About this task: Pictures do not belong in your copy. Repeat all the other data exactly.

Given material:
━━━━━━━━

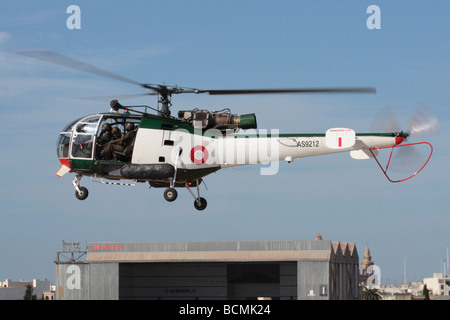 Armed Forces of Malta Alouette III Helikopter Stockfoto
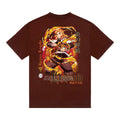 DEMON SLAYER RENGOKU FLAME SHIRT (BURGUNDY)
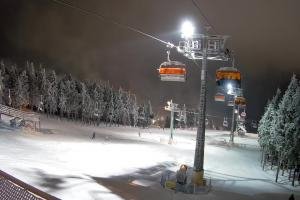Zieleniec Zieleniec Zieleniec SKI Arena - Widok z górnej stacji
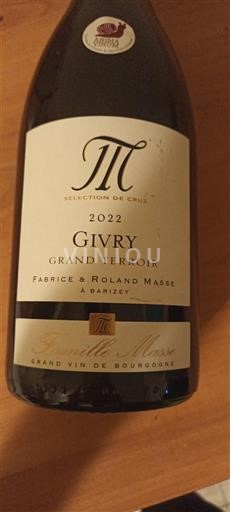 Bourgondië Givry Domaine Masse Grand Terroir 2022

━━━━━━━━

Response to this exercise:
 Armed Forces of Malta Alouette III Helikopter Stockfoto
 DEMON SLAYER RENGOKU FLAME SHIRT (BURGUNDY)
Zieleniec Zieleniec Zieleniec SKI Arena - Widok z górnej stacji
 Bourgondië Givry Domaine Masse Grand Terroir 2022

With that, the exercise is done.